Она медлит, и я вижу, что Каролина колеблется – сказать или не сказать правду.
– Я ответила, что ты, разумеется, не убивала ребенка намеренно. Я сказала, что ты могла случайно удушить девочку. Точно так же, как случайно сбросила Уильяма в реку.
– О…
– Он меня поправил.
– Что?
– Он сказал, что это была не река, а Гарлем-Меер. Еще он сказал, что «меер» – это «озеро» по-голландски.
А потом происходит удивительное. То, чего никогда не случалось за все время, пока я играла роль мачехи для сына Каролины. Мы скорбно и одновременно гордо улыбаемся. Мы без слов говорим друг другу: какой он умный. Уильям так много знает.
Каролина вынимает несколько носовых платков, потому что я просто не в состоянии это сделать, и вкладывает их мне в руку.
– Он попросил помочь тебе. Сказал, раз я врач, то могу выяснить, что на самом деле случилось с Изабель.
Я сморкаюсь.
– Вашему врачу отослали копию отчета о вскрытии. Я попросила переслать ее мне по факсу и изучила с одной моей бывшей сокурсницей, которая сейчас в Стэнфорде. Она – патологоанатом, и в частности специалист по новорожденным. Часто выступает экспертом в криминальном суде. Так вот, она подтвердила заключение коронера. Она сказала, что нет абсолютно никаких признаков смерти от удушья. Удушение всегда оставляет следы – порванная уздечка верхней губы, признаки позиционной асфиксии, пятна крови в легких. В случае с Изабель нет ничего подобного. Ты не душила Изабель. Ты ее не убивала. Она умерла естественной смертью. – Голос Каролины чуть заметно смягчается. – К сожалению, это случилось, когда ты держала ее на руках.

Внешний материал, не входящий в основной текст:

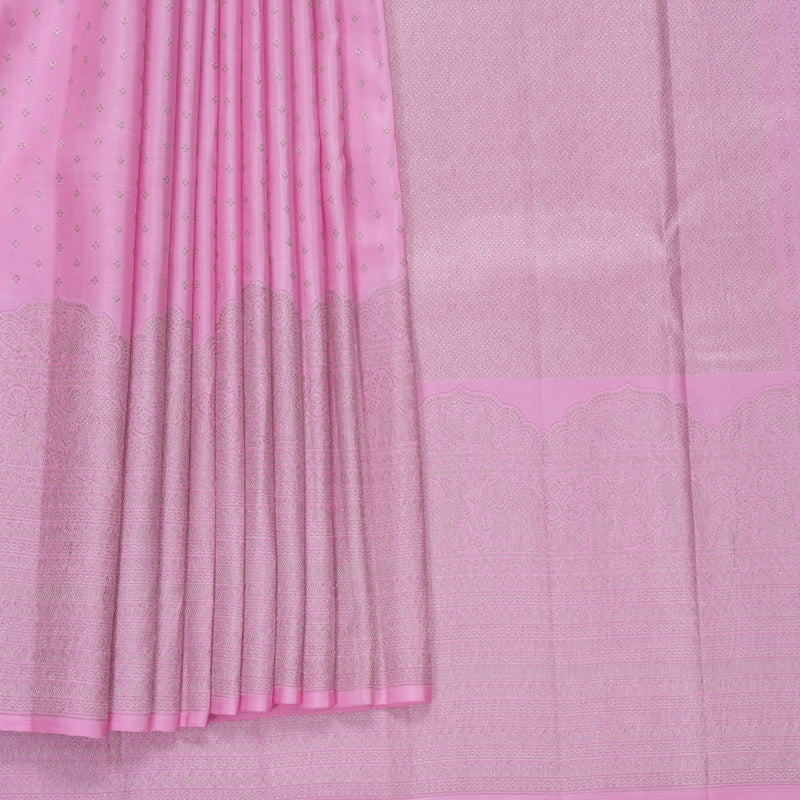Hayagrivas Handloom Rose Pink Kanjivaram Silk Saree KBF210E31-1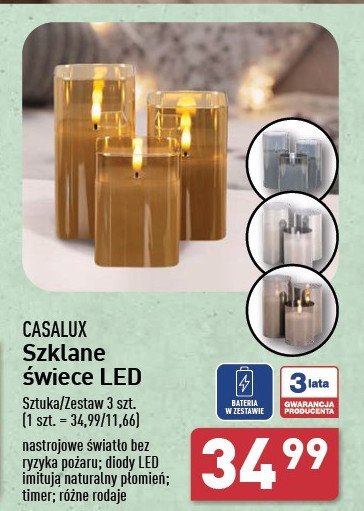 Świece szklane led Casalux promocja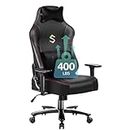 Fantasylab Big and Tall Gaming Chair 400lbs Gaming Chair with Massage Lumbar Pillow, Headrest, 3D Armrest, Metal Base, PU Leather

– Твоя подруга – патологоанатом?
– Да.
– Специалист по новорожденным?
– Да.
– Она просмотрела отчет о вскрытии?
– Да.
– И сказала, что… – Мой голос обрывается. Я хочу, чтобы Каролина повторила. Я хочу еще раз это услышать, и она меня понимает.
Очень медленно Каролина произносит:
– Моя подруга, патологоанатом, абсолютно уверена: смерть Изабель не была результатом удушения. Хотя вынести окончательное решение без эксгумации трудно, она все же не советует вам с Джеком предпринимать такой шаг. Она утверждает, что Изабель умерла от СВДС. Также она сказала, что охотно поговорит с тобой сама, если ты захочешь и если у тебя появятся вопросы.
Теперь я понимаю, отчего женщины на сайте UrbanBaby.com так любят доктора Каролину Соул, почему так охотно отдаются в ее надежные и сочувственные руки. Бывшая жена моего мужа повторяет свои слова медленно и отчетливо, терпеливо и мягко, и я перестаю плакать. Я начинаю верить, что Изабель умерла не из-за моей неосторожности, а потому, что иногда младенцы умирают – они просто уходят, биение сердца прекращается, слабеет, замирает по какой-то загадочной причине. Вообще без всякой причины.